Antti: It’s actually our third space. We couldn’t have a party because of the pandemic, but TSTO turned ten last autumn. We’re hoping to have an 11th anniversary party later in the year. It’s a simple space, two rooms with a window onto the street at the ground floor. There’s a small kitchen and then a back space that leads onto a yard in the back. It’s not super big, but we’ve been trying to avoid growing the studio too much so that we can keep things simple and do work we enjoy.

Do you ever get people just walking in off the street and asking you to design business cards?

Antti: It doesn’t happen that often. We always joke that we should put a sign on the window: ‘business cards designed while you wait’. 

Matti: Sometimes we have weird objects in the window or we make arrangements of things and sometimes people try to come in and buy them. We also have this board with letters on it that you can spell things out with. One time, I was waiting for something to upload to a print server and wrote a crazy text on the board. This strange guy walking by saw the text, then came in the studio and was like, ‘do you teach consciousness here?’ I said no, but I’m not sure he believed me.

Veera Konsti

Crystal Bennes is an American-born visual artist and writer based in Scotland. She writes for numerous architecture and design publications including Icon, Disegno, Metropolis, Frieze and Art Agenda, and has exhibited internationally at the Serlachius Museum, the Royal Scottish Academy and Science Gallery Dublin among others.

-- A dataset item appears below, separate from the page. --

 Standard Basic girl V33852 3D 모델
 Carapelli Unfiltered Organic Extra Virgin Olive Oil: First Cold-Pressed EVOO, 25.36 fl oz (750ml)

Veera Konsti on savolainen valokuvaaja, taiteilija ja tuore restauroinnin opiskelija. Hän viimeistelee tutkintoaan Aalto-yliopistoon ja muutti juuri Kouvolaan uusien opintojensa perässä. Konsti nauttii luonnon välittömästä läsnäolosta pikkukaupungeissa, uusien ihmisten kohtaamisesta kameran takaa ja yllättävistä yksityiskohdista. Weekly Studiota hän on kuvannut vuodesta 2016 lähtien.

Veera Konsti is a photographer, an artist and a recent restauration student. She is finalizing her studies in Aalto University and recently moved to Kouvola. Konsti enjoys the immediate presence of nature in small towns, meeting new people behind the camera, and surprising details. She has been photographing the Weekly Studio series since 2016.